University of Pennsylvania, CIS 565: GPU Programming and Architecture, Project 3

Levi Cai
Tested on: Windows 8, i7-5500U @ 2.4GHz 12GB RAM, NVIDIA GeForce GTX 940M 2GB

This is a path tracer implemented in CUDA that supports basic ray casting, diffuse and specular surfaces, sphere and cube intersections, work efficient-stream compaction with shared memory, motion blurring, refraction, and depth-of-field.

Examples of Features Implemented

Specular vs. Diffuse Surfaces

Here I demonstrate the difference in specular vs. diffuse surfaces. The colors are simply determined by intensities associated with the materials, the direction that the rays are then scattered are determined by the contribution of specular color vs. diffuse color of the object probabilistically. If the a particular ray is determined to be specular, we simply compute the surface normal of the reflection and the new ray direction is v = v - 2 * dot(v,n) * n. If it is diffuse, then we compute the new direction according to a randomly sampled hemisphere around the surface normal with cosine weighting.

Motion Blurring

Motion blurring is achieved by specifying a start and goal position for objects in the scene that are moving. Then before each iteration of path tracing, we randomly and uniformly adjust the position of the object along that vector, then proceed the iteration as before. This allows us to get a fairly nice motion blur that still works regardless of the number of iterations requested. An alternative is to attempt to move the object iteration by iteration (and not randomly), but it is difficult to tell how much it should move each iteration because they do not necessarily correspond to reasonable time intervals.

Refraction (Glass)

Refraction is created by using Schlick's approximation in order to determine the amount of rays that are specular reflections and the rest are refractive. Refractions are then computed according to glm::refract.

Depth of Field

The depth of field feature is accomplished by taking the initial rays that are projected from the origin, finding their intersection to a plane located at the focal length away from the camera, and then finding new ray directions by adjusting the camera origin randomly each iteration according to the aperture size.

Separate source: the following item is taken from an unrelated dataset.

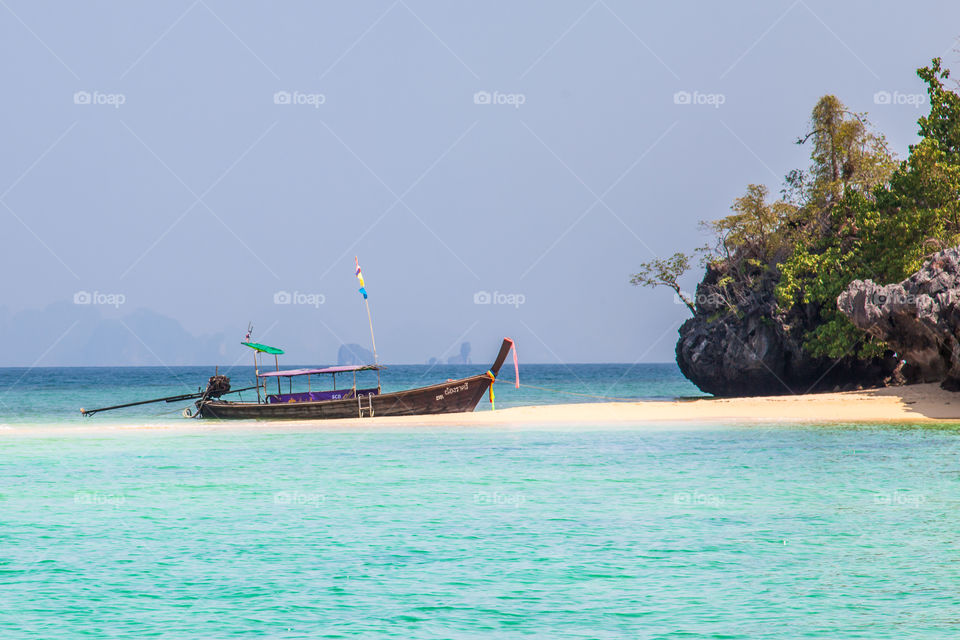 Boat moored at beach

Analysis of Work-Efficient Shared Memory Stream Compaction

I implemented the work-efficient stream compaction with shared memory scan function as described by http://http.developer.nvidia.com/GPUGems3/gpugems3_ch39.html

This allows for significant performance gains in OPEN environments where rays are quickly terminated (or in environments with an extreme number of lights). We can see some of the effects in the graphs below:

(Above) I compared the depth in the original cornell image with the number of still-living rays. There is a logarithmic drop-off in the scene of number of still living rays that must be tracked, but for the first several depths the gains are quite dramatic as rays leave the open side of the box quickly.

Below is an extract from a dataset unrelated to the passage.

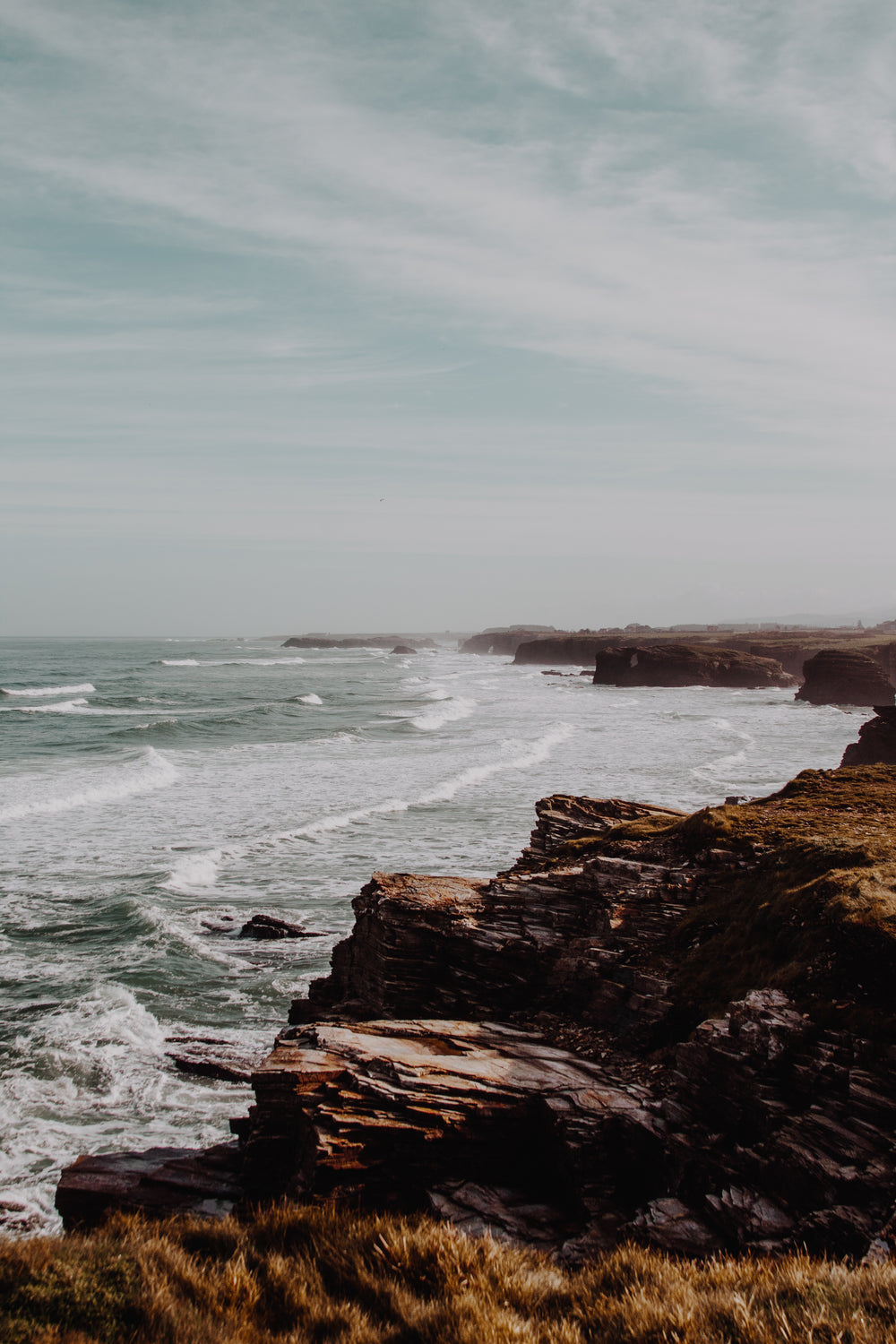 rocky coast line meets ocean waves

(Above) Here we wish to see the effect of very open environments vs. the runtime. To see this, I simply moved the camera's starting position back in the original Cornell image setup (so many rays immediately terminate) and we can see that the performance increases linearly with the number of rays that immediately terminate. We can thus imagine a completely enclosed scene to gain nothing from stream compaction (if anything, it hurts a small amount to do the extra computation due to the cudaMallocs and such, though many of those could possibly be avoided).